=== WORK ITEM ===
Your answer should be the lines below from the one holding "This is how to" through the one holding "This is how we", copied exactly and with nothing else.

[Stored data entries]
══════
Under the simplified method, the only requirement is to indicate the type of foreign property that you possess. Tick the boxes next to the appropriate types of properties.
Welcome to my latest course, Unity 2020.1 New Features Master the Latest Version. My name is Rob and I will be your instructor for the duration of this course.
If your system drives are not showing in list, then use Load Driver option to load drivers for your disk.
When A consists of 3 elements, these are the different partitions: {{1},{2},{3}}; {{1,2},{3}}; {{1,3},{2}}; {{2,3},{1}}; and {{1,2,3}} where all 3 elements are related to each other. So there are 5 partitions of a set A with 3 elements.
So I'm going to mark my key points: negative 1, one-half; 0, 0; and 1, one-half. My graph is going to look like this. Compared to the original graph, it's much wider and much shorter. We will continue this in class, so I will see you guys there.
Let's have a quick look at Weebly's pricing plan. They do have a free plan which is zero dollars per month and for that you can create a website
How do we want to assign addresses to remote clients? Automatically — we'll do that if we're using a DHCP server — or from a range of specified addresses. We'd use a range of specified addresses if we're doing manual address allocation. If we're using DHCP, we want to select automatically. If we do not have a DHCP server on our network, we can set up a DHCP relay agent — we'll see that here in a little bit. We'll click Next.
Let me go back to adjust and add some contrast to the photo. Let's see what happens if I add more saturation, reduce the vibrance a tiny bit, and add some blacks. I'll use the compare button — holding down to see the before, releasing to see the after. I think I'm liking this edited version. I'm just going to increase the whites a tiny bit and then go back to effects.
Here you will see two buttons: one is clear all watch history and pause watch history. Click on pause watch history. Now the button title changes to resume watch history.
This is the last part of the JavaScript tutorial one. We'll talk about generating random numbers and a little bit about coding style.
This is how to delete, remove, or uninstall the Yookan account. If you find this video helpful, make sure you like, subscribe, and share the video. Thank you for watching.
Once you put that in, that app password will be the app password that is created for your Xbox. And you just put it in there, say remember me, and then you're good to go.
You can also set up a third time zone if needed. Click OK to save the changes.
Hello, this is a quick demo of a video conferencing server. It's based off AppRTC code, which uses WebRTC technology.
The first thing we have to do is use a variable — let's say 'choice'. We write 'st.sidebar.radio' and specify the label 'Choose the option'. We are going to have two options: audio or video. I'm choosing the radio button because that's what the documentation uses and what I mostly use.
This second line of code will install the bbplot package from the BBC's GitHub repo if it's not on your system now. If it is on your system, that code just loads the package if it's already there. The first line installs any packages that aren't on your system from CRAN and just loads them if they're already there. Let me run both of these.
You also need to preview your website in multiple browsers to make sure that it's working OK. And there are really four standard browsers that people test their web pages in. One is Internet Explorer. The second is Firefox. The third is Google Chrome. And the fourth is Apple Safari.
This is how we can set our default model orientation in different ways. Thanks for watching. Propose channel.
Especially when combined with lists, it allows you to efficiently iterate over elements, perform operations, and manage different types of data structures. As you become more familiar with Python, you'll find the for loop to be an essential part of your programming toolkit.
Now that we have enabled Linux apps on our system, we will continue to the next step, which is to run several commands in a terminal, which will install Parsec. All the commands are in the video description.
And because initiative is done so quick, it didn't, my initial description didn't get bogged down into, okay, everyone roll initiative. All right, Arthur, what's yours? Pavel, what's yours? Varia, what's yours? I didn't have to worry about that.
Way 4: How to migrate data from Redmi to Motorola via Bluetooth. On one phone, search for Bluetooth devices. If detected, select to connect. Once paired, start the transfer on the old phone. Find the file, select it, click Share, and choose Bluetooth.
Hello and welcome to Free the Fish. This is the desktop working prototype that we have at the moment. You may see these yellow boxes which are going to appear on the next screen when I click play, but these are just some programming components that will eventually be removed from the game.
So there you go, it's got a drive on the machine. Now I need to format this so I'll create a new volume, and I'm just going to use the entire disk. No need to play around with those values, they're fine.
══════
=== PROBLEM SOLUTION ===
This is how to delete, remove, or uninstall the Yookan account. If you find this video helpful, make sure you like, subscribe, and share the video. Thank you for watching.
Once you put that in, that app password will be the app password that is created for your Xbox. And you just put it in there, say remember me, and then you're good to go.
You can also set up a third time zone if needed. Click OK to save the changes.
Hello, this is a quick demo of a video conferencing server. It's based off AppRTC code, which uses WebRTC technology.
The first thing we have to do is use a variable — let's say 'choice'. We write 'st.sidebar.radio' and specify the label 'Choose the option'. We are going to have two options: audio or video. I'm choosing the radio button because that's what the documentation uses and what I mostly use.
This second line of code will install the bbplot package from the BBC's GitHub repo if it's not on your system now. If it is on your system, that code just loads the package if it's already there. The first line installs any packages that aren't on your system from CRAN and just loads them if they're already there. Let me run both of these.
You also need to preview your website in multiple browsers to make sure that it's working OK. And there are really four standard browsers that people test their web pages in. One is Internet Explorer. The second is Firefox. The third is Google Chrome. And the fourth is Apple Safari.
This is how we can set our default model orientation in different ways. Thanks for watching. Propose channel.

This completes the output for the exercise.